What is the equivalent of C & ldquo; Static & rdquo; Keyword in Java?

advertisements

I want to know what could be the equivalent keyword in java which could perform same function as "Static keyword in C".. I want to do recursion in java, performing same function that a static keyword in C does...

Please help..


C has two entirely different uses of the static keyword, and C++ adds a third use:

// Use 1: declare a variable or function to be local to a given module
// At global scope:
static int global_var;
static void func();

In this case, the global variable global_var and the function void func() can only be accessed inside the file in which they are declared; they cannot be accessed by any other file.

// Use 2: declare a variable inside a function with global scope
void func(void)
{
    static int x;
}

In this case, the variable x is effectively a global variable, in that there is only one instance of it -- multiple calls to func() (including recursive calls) will always access the same variable.

// Use 3 (C++ only): declare a global variable with class scope
class Widget
{
public:
    static int var;
};

In this case, this declares the variable Widget::var as a global variable, but its scope is different. Outside of class member functions, it has to be named as Widget::var; inside class member functions, it can be named as just var. It can also be made protected or private to limit its scope even more.

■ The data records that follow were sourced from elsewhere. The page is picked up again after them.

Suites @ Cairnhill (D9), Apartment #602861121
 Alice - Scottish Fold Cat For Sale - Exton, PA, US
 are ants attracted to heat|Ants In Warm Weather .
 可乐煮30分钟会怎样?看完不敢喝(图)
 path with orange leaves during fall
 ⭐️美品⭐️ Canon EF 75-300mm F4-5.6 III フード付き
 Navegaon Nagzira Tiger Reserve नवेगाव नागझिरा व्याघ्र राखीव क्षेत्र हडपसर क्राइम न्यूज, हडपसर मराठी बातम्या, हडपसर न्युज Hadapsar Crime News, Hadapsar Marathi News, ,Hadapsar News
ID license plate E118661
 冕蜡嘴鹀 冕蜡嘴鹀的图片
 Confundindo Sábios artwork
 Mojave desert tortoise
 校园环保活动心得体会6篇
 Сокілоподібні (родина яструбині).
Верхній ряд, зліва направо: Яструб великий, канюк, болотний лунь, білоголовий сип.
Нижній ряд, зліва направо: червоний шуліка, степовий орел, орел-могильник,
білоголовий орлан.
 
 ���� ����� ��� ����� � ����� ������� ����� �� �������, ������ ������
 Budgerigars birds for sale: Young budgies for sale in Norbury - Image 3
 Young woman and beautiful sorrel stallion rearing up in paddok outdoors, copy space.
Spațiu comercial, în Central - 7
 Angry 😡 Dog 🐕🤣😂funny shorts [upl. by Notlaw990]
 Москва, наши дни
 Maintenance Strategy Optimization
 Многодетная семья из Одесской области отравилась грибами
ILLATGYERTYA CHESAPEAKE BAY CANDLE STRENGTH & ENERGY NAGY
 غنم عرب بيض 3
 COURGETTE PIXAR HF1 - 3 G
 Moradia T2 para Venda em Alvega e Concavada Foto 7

Now, what are the analogs of these 3 uses in Java?

Case 1 has no direct analog; the closest is declaring objects with package scope, which is done by omitting a public, protected, or private:

class Widget  // Declare a class with package scope
{
    int x;  // Declare a member variable with package scope
    void func() {}  // Declare a member function with package scope
}

In this case, the declared objects are only accessible by classes within the same package; they are not accessible to other packages.

Case 2 also does not have an analog in Java. The closest you can get is by declaring a global variable (that is, a static class variable, since Java doesn't have true global variables in the strictest sense):

class Widget
{
    private int func_x;
    public static void func()
    {
        // use func_x here in place of 'static int x' in the C example
    }
}

Case 3 is the only case that has a direct analog in Java. In this case, the static keyword serves exactly the same purpose.